Goddamnit. All the posts criticising the hurrah-optimistic moonbase arguments are not saying 'space exploration bad'. They're saying 'make a proper argument why it's worth it'. No ridiculous analogies to domestication or Columbus, no cherry-picked bits of data that are meaningless out of context, but at least a first approximation cost-benefit analysis that doesn't try to push an agenda but attempts to honestly figure out if there's any concrete point in doing it. And if the only reason is your concern about species survival or following the spirit of exploration, make it clear that that's what you're going for, instead of trying to paint it as somehow economically viable (without good reason).
By Jove.
It is economically viable, I just posted the reasoning not a few pages ago. Iridium alone would pay for the rocket, and a tidy profit could be turned on more mundane metals like Iron and Nickel as well, even if we ignore the rare-earth metals. This isn't speculation, this is reality. Those metals
are up there,
are in large quantities, and
are quite valuable, even ridiculously so in some cases. And we don't need future technology to go get them. There's no reason we need a human to go out and collect the asteroid, and we don't need more than a few humans to overwatch the extraction process in orbit or on the moon. We know how to do it, it's just a matter of convincing people like you who are, honestly, pessimistic to a silly degree about the prospects.

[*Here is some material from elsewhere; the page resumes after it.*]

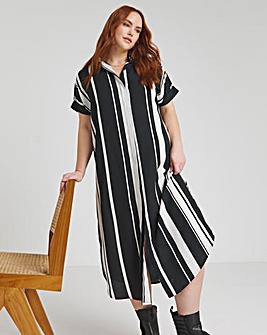Mono Stripe Midi Shirt Dress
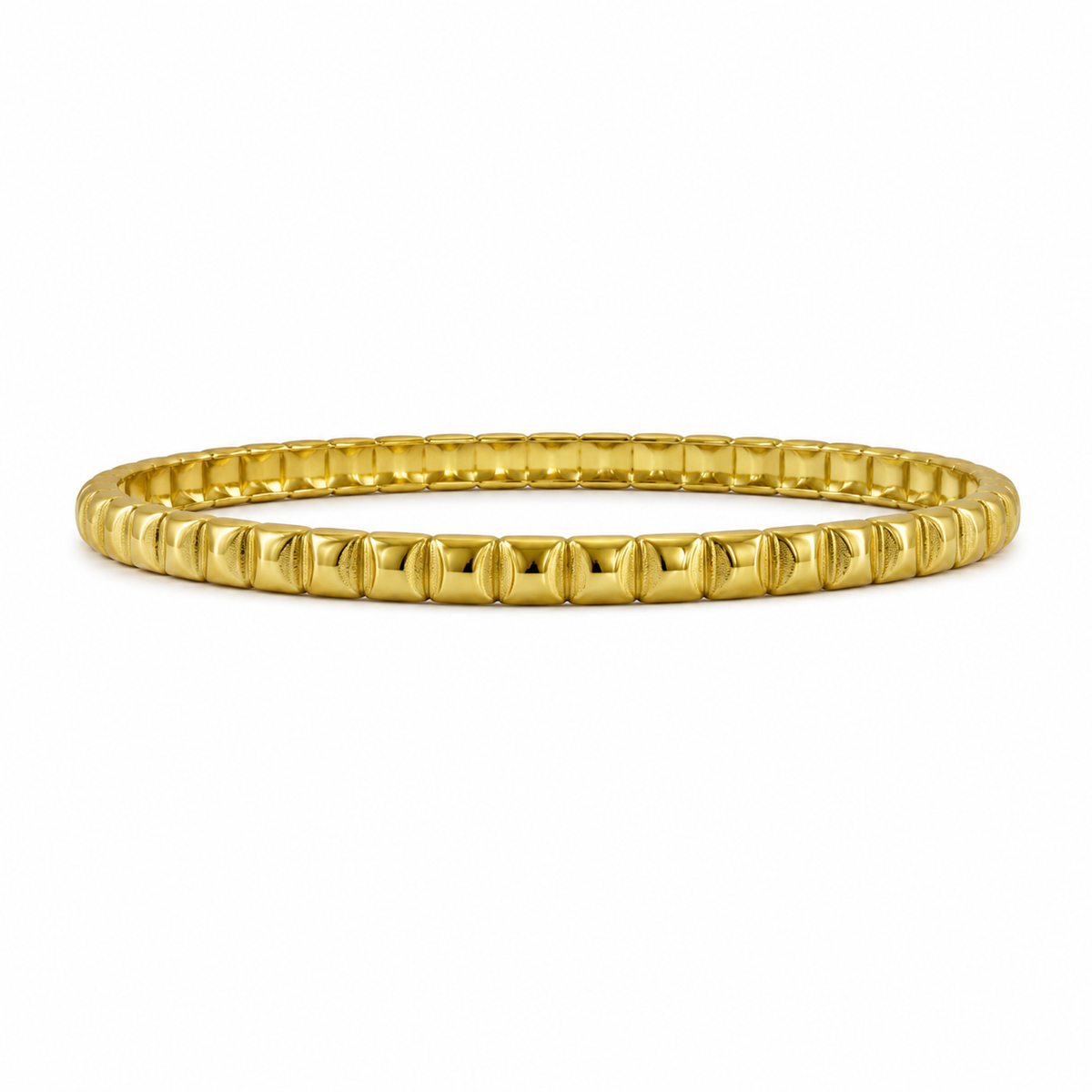 Gold Petal Leaf Textured Stud Oval Kada for Women | No Stone Embossed Floral Stainless Steel Ladies Bangle | Texture Festive Jewellery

Again, there are actual, known quantities of this stuff. We've been looking at the make-up of asteroids for a long while, we know they're high in Iridium, Iron, and other metals. We know how to get them into orbit, albeit quite slowly with modern techniques. And we know that producing our rockets in space would lower costs
significantly. I mean, metal is heavier than water, and water costs a lot to bring up to space. You can't argue that it wouldn't be cheaper to build our rockets up there, mine our water up there, and just focus on the humans and the food and the occasional part - all of which would make space mining even more profitable.
You're acting like the costs are unknown, but if we're honest, they aren't. They're just really expensive
right now; and we
know that once we put the money into it the costs will only decrease.